CECI n'est pas EXECUTE 22 juin 1862

Année 1862 |

22 juin 1862

Alfred de Falloux à Victor de Persigny

Dimanche 22 [ juin 1862]

Cher ami,

Rességuier n’a pas manqué de me transmettre vos bonnes et sympathiques tendresses, et je vous en aurais remercier plus tôt sans notre double séparation. Lui a été soudainement appelé à Toulouse par une maladie grave de son père1; c’est là que votre lettre a du le suivre, et de là qu’elle m’est revenue en Anjou où je suis venu prendre quelques jours de repos qui pouvait m’être le plus doux et le plus efficace. C’est vous dire déjà que j’ai laissé ma pauvre malade en pleine convalescence et que les médecins m’ont garantie toute sécurité. Les grands chagrins ont cela de bon qu’ils absorbent, non les petits, mais les moindres. La cruelle inquiétude que j’ai éprouvée durant plusieurs jours pour la vie de sa mère m’a fait considérer comme une rançon presque naturelle la mort de sa petite créature qui venait de monter au ciel, et toutes les impressions tenant aux espérances de la terre se sont effacées devant celle là. Aujourd’hui je n’ai plus dans le cœur que de sincères actions de grâce envers Dieu et une reconnaissance bien émue pour ses amis qui se sont unis à mes premières angoisses. Aussi, cher ami, vous fais-je en même temps qu’à Rodolphe les honneurs du premier courrier que je fasse partir du Bourg d’Iré. Vous reconnaîtrez à l’écriture étrangère que mes yeux sont toujours dans le même état ; par ailleurs je ne me plains plus de ma santé, et j’ai été enchanté ; tout l’hiver, du grand air et des belles promenades de Versailles.
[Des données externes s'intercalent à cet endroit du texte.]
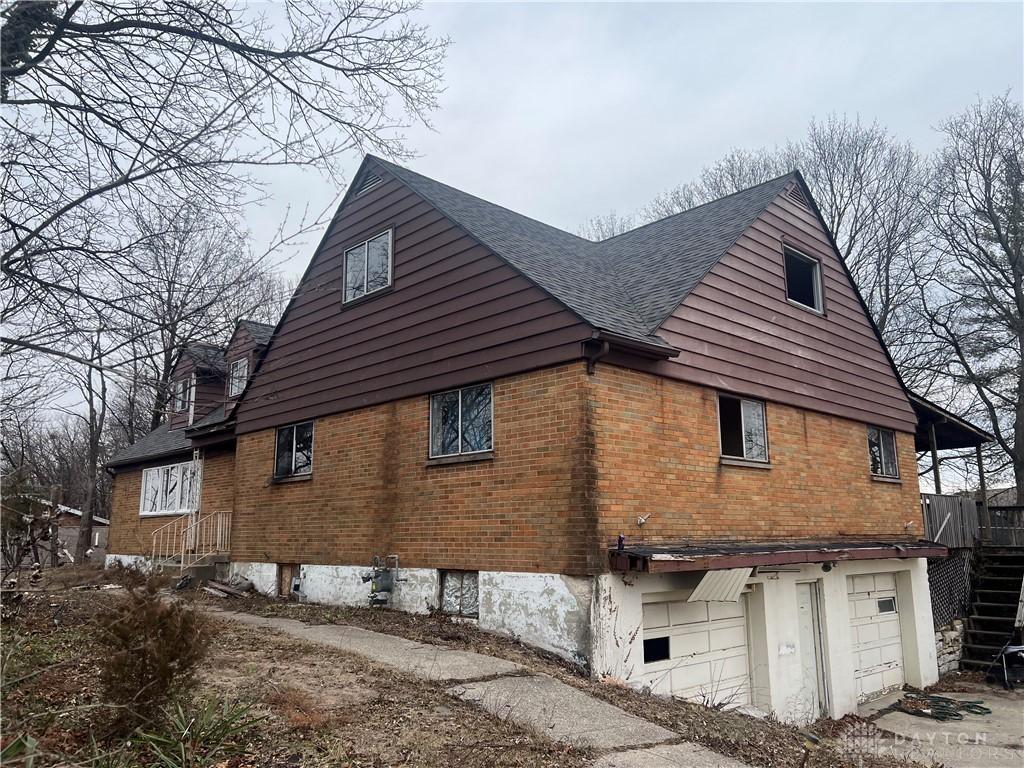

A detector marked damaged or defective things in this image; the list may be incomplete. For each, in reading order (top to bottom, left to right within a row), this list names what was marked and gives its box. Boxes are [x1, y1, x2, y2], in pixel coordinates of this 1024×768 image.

Je ne vous dis rien de la politique, vous êtes bien sûr que ce n’est pas faute d’y penser, et si j’ai le bonheur de vous revoir ce printemps, comme Rességuier me le fait espérer de votre part, je me dédommagerai en attendant, je fais bien des veux pour que votre action personnelle ne vous prépare jamais un regret et pour que notre pays ne reçoive pas un jouir le contre temps de son action extérieure ; mais croyez bien aussi que je me rends compte des difficultés et que je n’ai pas cessé de déplorer depuis plusieurs années, de votre côté, des fautes qui ont rendu possible ou plus facile ce à quoi nous assistons aujourd’hui. Je présume être de retour à Versailles aux premiers jours de mai, dés que vous arriverez à Paris ; faites-le moi dire, et combinons un revoir certain. Vous savez que ma confiance dans votre cœur et le dévouement du mien pour tout ce qui est vous et votre <mot illisible> inaltérables. Merci, merci encore, cher ami, mettez-moi aux pieds de Madame de Persigny2, prononcez quelquefois mon nom à votre fils ; je vous embrasse de tout cœur.

Falloux

1Alors gravement malade, son père, le poète Jules de Rességuier (1788-1862) devait décéder le 7 septembre 1862.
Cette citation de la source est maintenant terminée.